The actual scientific and practical problem of increasing the effectiveness of computer linguistic steganography countering based on the development and implementation of the method of the textual information semantic compression with loss based on discourse analysis is solved in the thesis. The method of the textual information semantic compression for counteracting computer linguistic steganography is presented. It provides an attack on the linguistic stegosystem to remove or destroy the main part of a stegomessage by semantic compression of the text, taking into account the wide range of steganography means and the initial semantic structure of the text. The method consists of five stages: automated linguistic analysis of the text, evaluating its comprehension and allocation of the basic meaning, compression, modification and formation of the final text after making changes. The method fully provides a comprehensive steganalysis of textual data on the basis of discursive analysis and is effectively allocated by the ability of meaningless and artificially generated texts detection and compression. The new concept of discursive analysis helps to study texts of any subject and style. Methods of text abstracting, on which the compression is based and methods of morphological and syntactic analysis, on which the research of discourse is based, are adapted to take into account the possible use of means of steganography. Mathematical methods of attacking the stegosystem are effectively and harmoniously combined with linguistic methods of analysis with the help of natural languages formal grammars elements and intensional logic, the peculiarities of which use determine the developed concept for discursive analysis.

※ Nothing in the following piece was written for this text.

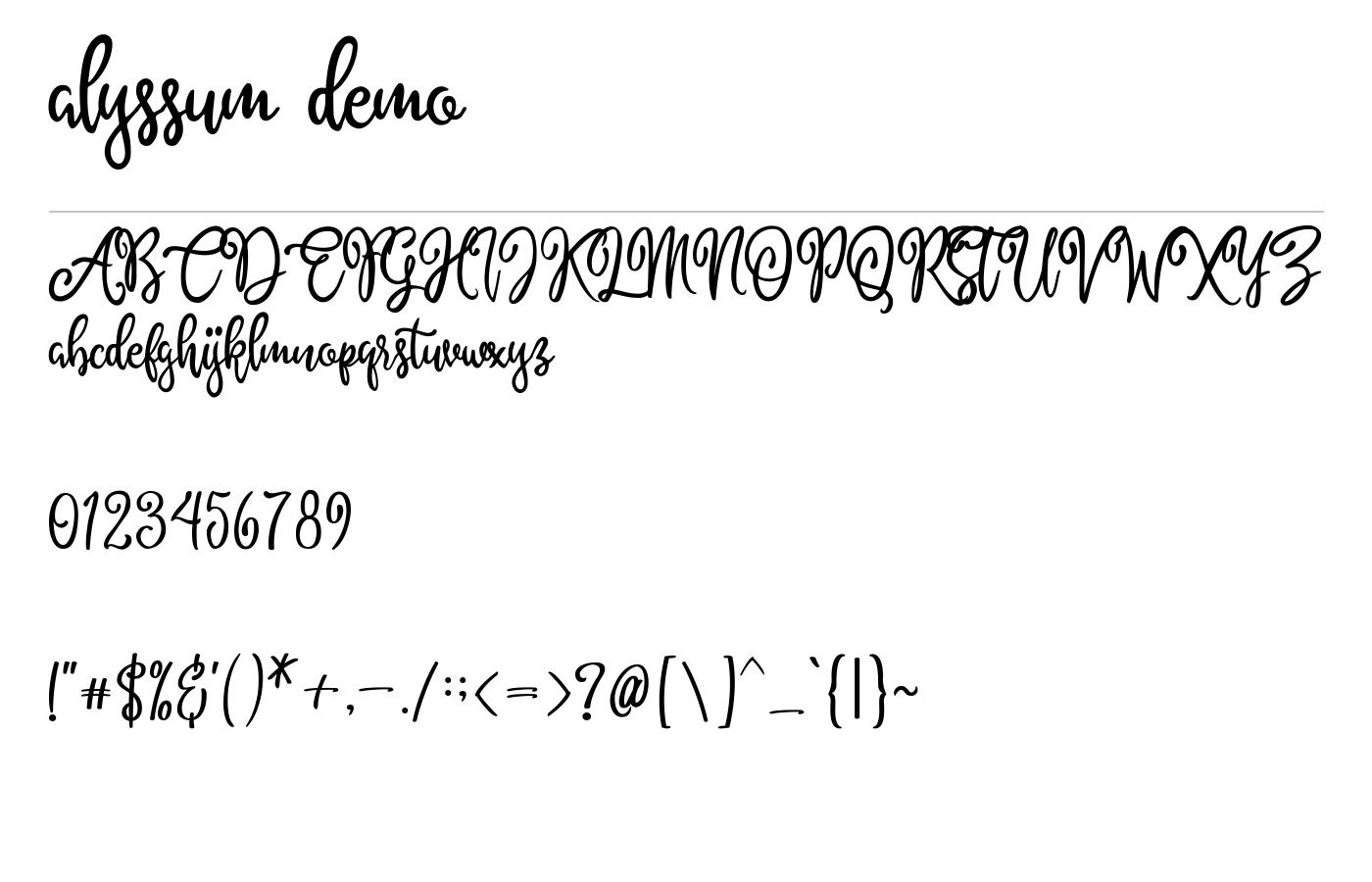 alyssum demo Font preview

On the basis of the developed method, a program complex was implemented that detects the presence of the text modification traces by the means of linguistic steganography and makes changes to the text by its compression and modification without losing the semantic structure and semantic loading in order to remove the possible stegomessage. So, the automation of the text-research process is achieved in order to detect the presence of a hidden message in it. It provides a significant increase in the efficiency of textual data large arrays in English processing. The system of the software complex protection from the overload is implemented, which prevents the increase of the execution time for more than 20,000 milliseconds. The modular structure of the developed software complex allows to cover a wide range of threats and to adapt the software for specific conditions. Flexible two-stage setting allows to distribute executable functions between the subsystems and to increase the efficiency of the system depending on the required practical task.

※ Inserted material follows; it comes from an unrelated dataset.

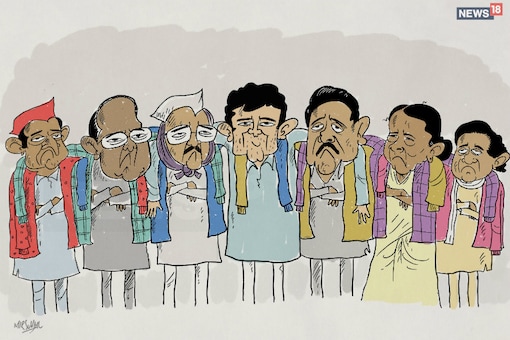 The Opposition's attempts to form a bloc against the BJP have not gone very smoothly. (News18 creative by Mir Suhail)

The experimental study, which proved the efficiency and effectiveness of the method and the software complex, developed on its basis, was carried out. It has been found that compression efficiency ranges from 64% for sentences to 79% for meaningful texts and 93% for meaningless texts. At the same time, the probability of the stegomessage removal on average is not lower than 98.65%. Due to the complex approach and the wide range of possible threats, the effectiveness of the attack on the stegosystem increases, although at the same time with the volume of text increasing, the probability of steganalization mistakes occurrence of the first (perception of an empty container as a filled) type and the second (perception of a filled container as an empty) type increases too. Also, the developed system of steganalysis covers a much wider spectrum of investigated elements according to the tasks of the research and provides a significantly higher index of stegoattack efficiency than in the use of similar steganalizers. Comparison with existing abstracting systems has proven the efficiency of using the developed system for steganography tasks, and also revealed a higher compression ratio of the text. The created method takes into account the available methods of textual steganography and is effective in counteracting current threats.
A comprehensive approach to steganalization and compression opens up a wide range of possibilities for application of the software complex, realized by the method for solving many practical tasks of cybersecurity.
Keywords: computer linguistic steganography, semantic compression of the text, textual styganalysis, automated steganalysis, determination of the textual meaningfulness, attack on the linguistic stegosystem, counteraction the computer linguistic steganography, linguistic stegosystem, computer steganalysis, attack by compression.